Tuesday, December 12, 2017. I drive to town for the radio show for the first time since last Wednesday. We are visited by Ron Swoboda, Jr., who is the general manager of Lagers, the beer and hamburger club on Veterans near Severn. Great location for such a restaurant, and they take advantage of it with no fewer than seventy-five different beers on tap. We talk about that and what it takes to keep the quality and freshness high.
Meanwhile, we kid around a lot. That’s the perfect mood for beer and burgers. The Marys have not dined at Lagers, despite the distinguished qualities of the hamburgers. (An ongoing shtick on the Food Show notes that the Marys are both hamburger lovers, and that I say burgers are for kids.)
I have a good story about Ron’s father, who was a major big-league hitter for many years, most famously with the Mets. During a fund-raising for a big local charity some twenty years ago, a number of celebrities stood at the plate (as in home plate) in Zephyrs Field and tried to hit the incoming ball. I was among these. I have no explanation as to why anyone would ask me, but I was thrilled. I played a lot of baseball in my preteens and later in the UNO Alumni league, but I was set to embarrass myself. Especially when the other celebs in the dugout razzed me for batting left-handed. (But I really do bat left, although I throw right.)

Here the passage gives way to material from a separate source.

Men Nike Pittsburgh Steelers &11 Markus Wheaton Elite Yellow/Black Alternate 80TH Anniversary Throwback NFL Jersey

Through dumb luck I get a good swing at the ball, which bounced into middle left field. Ding! Score one for the charity. I was very proud.
Then Ron Swoboda Sr. stepped up. He was by then as well known as a sports reporter on Channel Eight as he was a major-league player. He hit the ball squarely, and walked away with a home run. My moment of glory was stolen from me. Well, we took in a bunch of money for the charity.